### YOUR ASSIGNMENT
The records below are to be duplicated character for character.

(Dataset items)
● ● ● ●
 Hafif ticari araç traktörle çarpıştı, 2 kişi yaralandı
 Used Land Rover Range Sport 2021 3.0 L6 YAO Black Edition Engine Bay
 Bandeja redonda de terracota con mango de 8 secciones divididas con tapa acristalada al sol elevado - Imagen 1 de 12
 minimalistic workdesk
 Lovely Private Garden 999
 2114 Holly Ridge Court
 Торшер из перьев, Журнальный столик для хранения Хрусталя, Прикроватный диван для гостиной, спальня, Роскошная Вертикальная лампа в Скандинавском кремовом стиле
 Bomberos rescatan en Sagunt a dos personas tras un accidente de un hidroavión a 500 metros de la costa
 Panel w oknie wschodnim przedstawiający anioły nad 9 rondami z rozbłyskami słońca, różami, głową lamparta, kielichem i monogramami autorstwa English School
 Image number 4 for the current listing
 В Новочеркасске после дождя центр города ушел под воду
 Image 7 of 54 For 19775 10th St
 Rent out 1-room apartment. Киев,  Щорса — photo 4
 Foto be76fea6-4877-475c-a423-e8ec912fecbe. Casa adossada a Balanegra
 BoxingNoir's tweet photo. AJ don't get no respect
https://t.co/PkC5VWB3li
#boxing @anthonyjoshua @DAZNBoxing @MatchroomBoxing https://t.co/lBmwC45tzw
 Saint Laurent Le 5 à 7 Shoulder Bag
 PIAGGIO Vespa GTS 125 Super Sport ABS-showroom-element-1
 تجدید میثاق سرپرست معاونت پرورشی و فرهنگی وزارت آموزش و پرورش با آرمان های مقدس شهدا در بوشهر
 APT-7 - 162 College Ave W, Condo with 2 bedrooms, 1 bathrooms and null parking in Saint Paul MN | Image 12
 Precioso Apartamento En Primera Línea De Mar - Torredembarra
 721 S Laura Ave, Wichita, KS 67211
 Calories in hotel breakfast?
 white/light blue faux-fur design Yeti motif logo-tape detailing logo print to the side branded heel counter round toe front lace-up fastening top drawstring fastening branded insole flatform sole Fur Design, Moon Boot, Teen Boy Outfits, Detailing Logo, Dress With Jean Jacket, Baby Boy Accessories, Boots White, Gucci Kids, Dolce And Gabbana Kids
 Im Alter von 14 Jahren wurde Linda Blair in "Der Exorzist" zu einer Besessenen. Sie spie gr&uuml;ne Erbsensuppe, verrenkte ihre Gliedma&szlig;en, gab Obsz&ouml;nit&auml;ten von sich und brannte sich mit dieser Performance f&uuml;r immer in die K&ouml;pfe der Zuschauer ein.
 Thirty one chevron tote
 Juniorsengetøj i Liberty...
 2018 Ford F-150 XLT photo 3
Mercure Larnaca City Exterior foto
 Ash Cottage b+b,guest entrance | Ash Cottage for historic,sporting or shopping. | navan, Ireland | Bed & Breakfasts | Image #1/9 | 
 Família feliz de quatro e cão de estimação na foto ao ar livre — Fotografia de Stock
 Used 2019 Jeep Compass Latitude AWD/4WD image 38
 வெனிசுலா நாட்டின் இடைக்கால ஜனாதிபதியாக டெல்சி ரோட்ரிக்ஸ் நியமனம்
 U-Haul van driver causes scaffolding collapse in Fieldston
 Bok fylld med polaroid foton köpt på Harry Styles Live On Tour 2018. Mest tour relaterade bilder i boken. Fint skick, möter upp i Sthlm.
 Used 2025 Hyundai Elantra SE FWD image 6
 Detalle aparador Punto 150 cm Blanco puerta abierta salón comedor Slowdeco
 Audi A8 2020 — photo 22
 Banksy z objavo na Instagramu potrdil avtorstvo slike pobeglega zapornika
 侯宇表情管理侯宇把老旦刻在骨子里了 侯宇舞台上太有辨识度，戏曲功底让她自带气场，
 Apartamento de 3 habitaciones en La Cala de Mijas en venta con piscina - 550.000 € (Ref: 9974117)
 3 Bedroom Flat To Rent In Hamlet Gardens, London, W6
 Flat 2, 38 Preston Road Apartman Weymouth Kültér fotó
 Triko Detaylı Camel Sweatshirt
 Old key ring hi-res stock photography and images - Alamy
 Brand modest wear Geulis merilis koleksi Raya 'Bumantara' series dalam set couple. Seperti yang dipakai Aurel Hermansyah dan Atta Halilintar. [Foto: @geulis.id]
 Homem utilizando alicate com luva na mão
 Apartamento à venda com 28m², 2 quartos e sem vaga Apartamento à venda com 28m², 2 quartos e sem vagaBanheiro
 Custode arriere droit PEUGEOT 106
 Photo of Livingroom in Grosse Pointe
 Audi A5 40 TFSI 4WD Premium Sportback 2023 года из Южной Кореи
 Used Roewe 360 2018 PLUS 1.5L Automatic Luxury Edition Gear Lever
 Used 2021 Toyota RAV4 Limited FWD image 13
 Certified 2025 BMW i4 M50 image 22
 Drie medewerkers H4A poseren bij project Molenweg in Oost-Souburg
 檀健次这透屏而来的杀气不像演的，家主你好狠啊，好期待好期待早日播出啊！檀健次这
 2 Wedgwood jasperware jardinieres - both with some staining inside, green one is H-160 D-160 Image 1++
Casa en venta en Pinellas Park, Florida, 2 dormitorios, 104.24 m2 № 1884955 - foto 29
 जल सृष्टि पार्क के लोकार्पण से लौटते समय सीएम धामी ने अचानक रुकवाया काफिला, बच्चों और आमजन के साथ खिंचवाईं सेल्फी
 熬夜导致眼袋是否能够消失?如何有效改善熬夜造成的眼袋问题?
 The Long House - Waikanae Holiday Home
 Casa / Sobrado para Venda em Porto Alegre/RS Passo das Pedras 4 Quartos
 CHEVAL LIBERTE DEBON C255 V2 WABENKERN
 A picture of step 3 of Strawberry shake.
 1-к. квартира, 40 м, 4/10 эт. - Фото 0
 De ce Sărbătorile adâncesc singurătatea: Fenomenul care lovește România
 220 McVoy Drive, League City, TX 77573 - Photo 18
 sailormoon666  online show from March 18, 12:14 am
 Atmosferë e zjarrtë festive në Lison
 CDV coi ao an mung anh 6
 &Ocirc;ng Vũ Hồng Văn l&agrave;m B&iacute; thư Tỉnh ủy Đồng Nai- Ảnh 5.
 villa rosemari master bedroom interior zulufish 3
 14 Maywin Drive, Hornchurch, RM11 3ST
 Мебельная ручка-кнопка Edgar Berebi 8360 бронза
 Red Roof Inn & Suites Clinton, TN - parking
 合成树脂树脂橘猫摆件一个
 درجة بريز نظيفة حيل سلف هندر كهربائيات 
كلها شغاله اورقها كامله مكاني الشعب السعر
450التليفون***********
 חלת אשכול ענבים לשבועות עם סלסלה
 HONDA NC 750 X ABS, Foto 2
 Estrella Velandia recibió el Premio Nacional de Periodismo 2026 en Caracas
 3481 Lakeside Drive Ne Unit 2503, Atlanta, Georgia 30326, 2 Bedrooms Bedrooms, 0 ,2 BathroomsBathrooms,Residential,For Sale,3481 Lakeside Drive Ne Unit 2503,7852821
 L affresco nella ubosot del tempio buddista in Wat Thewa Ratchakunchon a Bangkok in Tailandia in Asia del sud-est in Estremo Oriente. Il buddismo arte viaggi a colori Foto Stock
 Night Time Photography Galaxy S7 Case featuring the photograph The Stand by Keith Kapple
● ● ● ●
### RESULT
 Hafif ticari araç traktörle çarpıştı, 2 kişi yaralandı
 Used Land Rover Range Sport 2021 3.0 L6 YAO Black Edition Engine Bay
 Bandeja redonda de terracota con mango de 8 secciones divididas con tapa acristalada al sol elevado - Imagen 1 de 12
 minimalistic workdesk
 Lovely Private Garden 999
 2114 Holly Ridge Court
 Торшер из перьев, Журнальный столик для хранения Хрусталя, Прикроватный диван для гостиной, спальня, Роскошная Вертикальная лампа в Скандинавском кремовом стиле
 Bomberos rescatan en Sagunt a dos personas tras un accidente de un hidroavión a 500 metros de la costa
 Panel w oknie wschodnim przedstawiający anioły nad 9 rondami z rozbłyskami słońca, różami, głową lamparta, kielichem i monogramami autorstwa English School
 Image number 4 for the current listing
 В Новочеркасске после дождя центр города ушел под воду
 Image 7 of 54 For 19775 10th St
 Rent out 1-room apartment. Киев,  Щорса — photo 4
 Foto be76fea6-4877-475c-a423-e8ec912fecbe. Casa adossada a Balanegra
 BoxingNoir's tweet photo. AJ don't get no respect
https://t.co/PkC5VWB3li
#boxing @anthonyjoshua @DAZNBoxing @MatchroomBoxing https://t.co/lBmwC45tzw
 Saint Laurent Le 5 à 7 Shoulder Bag
 PIAGGIO Vespa GTS 125 Super Sport ABS-showroom-element-1
 تجدید میثاق سرپرست معاونت پرورشی و فرهنگی وزارت آموزش و پرورش با آرمان های مقدس شهدا در بوشهر
 APT-7 - 162 College Ave W, Condo with 2 bedrooms, 1 bathrooms and null parking in Saint Paul MN | Image 12
 Precioso Apartamento En Primera Línea De Mar - Torredembarra
 721 S Laura Ave, Wichita, KS 67211
 Calories in hotel breakfast?
 white/light blue faux-fur design Yeti motif logo-tape detailing logo print to the side branded heel counter round toe front lace-up fastening top drawstring fastening branded insole flatform sole Fur Design, Moon Boot, Teen Boy Outfits, Detailing Logo, Dress With Jean Jacket, Baby Boy Accessories, Boots White, Gucci Kids, Dolce And Gabbana Kids
 Im Alter von 14 Jahren wurde Linda Blair in "Der Exorzist" zu einer Besessenen. Sie spie gr&uuml;ne Erbsensuppe, verrenkte ihre Gliedma&szlig;en, gab Obsz&ouml;nit&auml;ten von sich und brannte sich mit dieser Performance f&uuml;r immer in die K&ouml;pfe der Zuschauer ein.
 Thirty one chevron tote
 Juniorsengetøj i Liberty...
 2018 Ford F-150 XLT photo 3
Mercure Larnaca City Exterior foto
 Ash Cottage b+b,guest entrance | Ash Cottage for historic,sporting or shopping. | navan, Ireland | Bed & Breakfasts | Image #1/9 | 
 Família feliz de quatro e cão de estimação na foto ao ar livre — Fotografia de Stock
 Used 2019 Jeep Compass Latitude AWD/4WD image 38
 வெனிசுலா நாட்டின் இடைக்கால ஜனாதிபதியாக டெல்சி ரோட்ரிக்ஸ் நியமனம்
 U-Haul van driver causes scaffolding collapse in Fieldston
 Bok fylld med polaroid foton köpt på Harry Styles Live On Tour 2018. Mest tour relaterade bilder i boken. Fint skick, möter upp i Sthlm.
 Used 2025 Hyundai Elantra SE FWD image 6
 Detalle aparador Punto 150 cm Blanco puerta abierta salón comedor Slowdeco
 Audi A8 2020 — photo 22
 Banksy z objavo na Instagramu potrdil avtorstvo slike pobeglega zapornika
 侯宇表情管理侯宇把老旦刻在骨子里了 侯宇舞台上太有辨识度，戏曲功底让她自带气场，
 Apartamento de 3 habitaciones en La Cala de Mijas en venta con piscina - 550.000 € (Ref: 9974117)
 3 Bedroom Flat To Rent In Hamlet Gardens, London, W6
 Flat 2, 38 Preston Road Apartman Weymouth Kültér fotó
 Triko Detaylı Camel Sweatshirt
 Old key ring hi-res stock photography and images - Alamy
 Brand modest wear Geulis merilis koleksi Raya 'Bumantara' series dalam set couple. Seperti yang dipakai Aurel Hermansyah dan Atta Halilintar. [Foto: @geulis.id]
 Homem utilizando alicate com luva na mão
 Apartamento à venda com 28m², 2 quartos e sem vaga Apartamento à venda com 28m², 2 quartos e sem vagaBanheiro
 Custode arriere droit PEUGEOT 106
 Photo of Livingroom in Grosse Pointe
 Audi A5 40 TFSI 4WD Premium Sportback 2023 года из Южной Кореи
 Used Roewe 360 2018 PLUS 1.5L Automatic Luxury Edition Gear Lever
 Used 2021 Toyota RAV4 Limited FWD image 13
 Certified 2025 BMW i4 M50 image 22
 Drie medewerkers H4A poseren bij project Molenweg in Oost-Souburg
 檀健次这透屏而来的杀气不像演的，家主你好狠啊，好期待好期待早日播出啊！檀健次这
 2 Wedgwood jasperware jardinieres - both with some staining inside, green one is H-160 D-160 Image 1++
Casa en venta en Pinellas Park, Florida, 2 dormitorios, 104.24 m2 № 1884955 - foto 29
 जल सृष्टि पार्क के लोकार्पण से लौटते समय सीएम धामी ने अचानक रुकवाया काफिला, बच्चों और आमजन के साथ खिंचवाईं सेल्फी
 熬夜导致眼袋是否能够消失?如何有效改善熬夜造成的眼袋问题?
 The Long House - Waikanae Holiday Home
 Casa / Sobrado para Venda em Porto Alegre/RS Passo das Pedras 4 Quartos
 CHEVAL LIBERTE DEBON C255 V2 WABENKERN
 A picture of step 3 of Strawberry shake.
 1-к. квартира, 40 м, 4/10 эт. - Фото 0
 De ce Sărbătorile adâncesc singurătatea: Fenomenul care lovește România
 220 McVoy Drive, League City, TX 77573 - Photo 18
 sailormoon666  online show from March 18, 12:14 am
 Atmosferë e zjarrtë festive në Lison
 CDV coi ao an mung anh 6
 &Ocirc;ng Vũ Hồng Văn l&agrave;m B&iacute; thư Tỉnh ủy Đồng Nai- Ảnh 5.
 villa rosemari master bedroom interior zulufish 3
 14 Maywin Drive, Hornchurch, RM11 3ST
 Мебельная ручка-кнопка Edgar Berebi 8360 бронза
 Red Roof Inn & Suites Clinton, TN - parking
 合成树脂树脂橘猫摆件一个
 درجة بريز نظيفة حيل سلف هندر كهربائيات 
كلها شغاله اورقها كامله مكاني الشعب السعر
450التليفون***********
 חלת אשכול ענבים לשבועות עם סלסלה
 HONDA NC 750 X ABS, Foto 2
 Estrella Velandia recibió el Premio Nacional de Periodismo 2026 en Caracas
 3481 Lakeside Drive Ne Unit 2503, Atlanta, Georgia 30326, 2 Bedrooms Bedrooms, 0 ,2 BathroomsBathrooms,Residential,For Sale,3481 Lakeside Drive Ne Unit 2503,7852821
 L affresco nella ubosot del tempio buddista in Wat Thewa Ratchakunchon a Bangkok in Tailandia in Asia del sud-est in Estremo Oriente. Il buddismo arte viaggi a colori Foto Stock
 Night Time Photography Galaxy S7 Case featuring the photograph The Stand by Keith Kapple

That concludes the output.